Over the next two decades the building of a new working hostel for girls, the purchase of the Priory farm in Studley, and the expansion of the hospital’s services to serve the whole community, focusing especially on disability, took place. During this period, migration to Australia was seen as providing an opportunity for a new life, as it had, decades earlier, to Canada. Later, this was not considered to be the best solution for the needs of the children.

In the 1970s and early 80s institutional care began to be replaced by foster care and adoption. This was seen as a much improved model of care for most children.

With many homes no longer usable for their original purpose, Father Hudson’s had to decide where its future lay. After much consultation and prayer the trustees decided to develop residential services for older people and disabled people. This new vision was led by Bishop Pargeter, Chair of the Board. At the same time the trustees developed new community projects with other like-minded partners, usually religious sisters. Ever since then the trustees have remained committed to this vision.

By the late 1990s it was clear that the old buildings were no longer suitable for the care of older people or for disabled adults. The Day Service was moved to the refurbished old school building in the mid-90s. The brave decision was also taken to create the new St Joseph’s Care home for older people and the St Catherine’s bungalows for disabled adults. In 2002 these beautiful new buildings became available and have established great reputations in the local and wider Diocesan community.

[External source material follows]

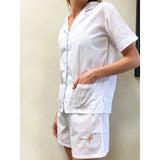 Iris Cotton PJ Short Set, Tiffany Blue Piping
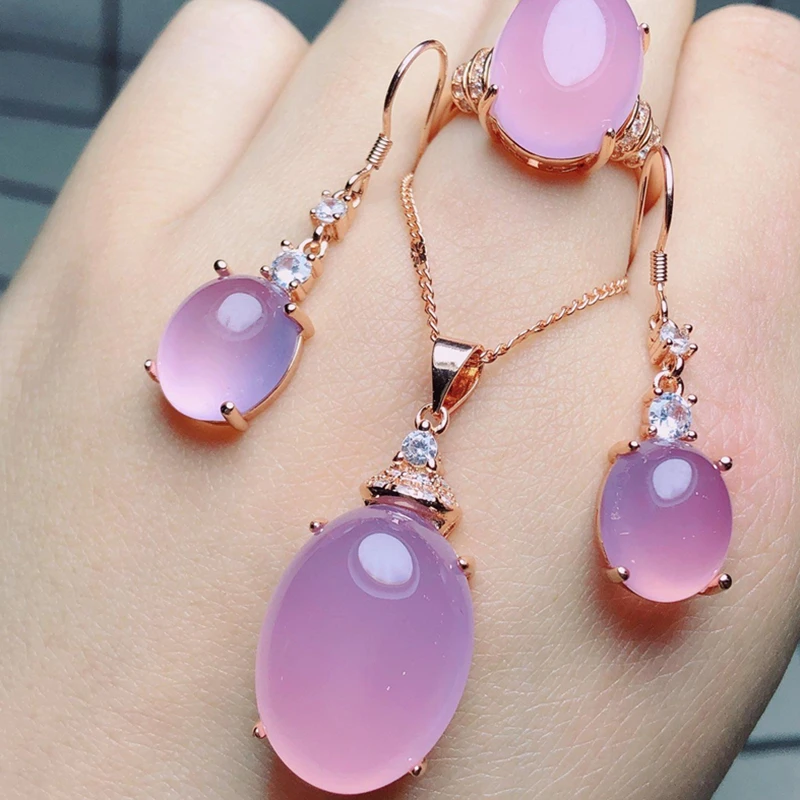 Natural chalcedony set of three 925 silver inlaid necklace pendant ring earrings exquisite jewelry style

Under the leadership of the first three lay Chief Executives, new services continued to develop. In the community, the Anawim, Hope and Brushstrokes projects have led the way. Working closely with two parishes, the New Heights and Maryvale community projects were established in Birmingham.

In 2006 the first Family Support in Schools project was developed in North Staffordshire. This was quickly followed by more school projects. From the 1990s a small Fostering project, specialising in placing older children and groups of siblings, was established. This has grown steadily and has achieved outstanding results and recognition.

When it became necessary to close St Andrew’s, a ten-bedroomed care facility for adults with learning disabilities, the Trustees purchased two properties in Coleshill where the five remaining residents could live until new apartments were built. At the same time the Domiciliary care service was created.

Over several decades, since the children’s homes closed, the Trustees and senior management worked tirelessly to sell the land to enable Father Hudson’s to move forward in an ever-changing social care sector. Under the leadership of Jim Quinn, Kevin Caffrey and Tim Bradford the land was finally sold. New offices have been built and ten new apartments for adults with learning disabilities constructed to progress the vision of Father Hudson’s care as the social care agency of the Archdiocese of Birmingham, serving those in great need in the church and in the wider community. Its commitment to the community is firm and its desire to work with others is clear.

Throughout its history, Father Hudson’s Care has become increasingly aware of its responsibility for those who stayed in the care homes or were adopted. Many former residents or adoptees want to know more about their early years when they were in the care of Father Hudson’s. The Board of Trustees created the Origins service to help each of these individuals and families in their search.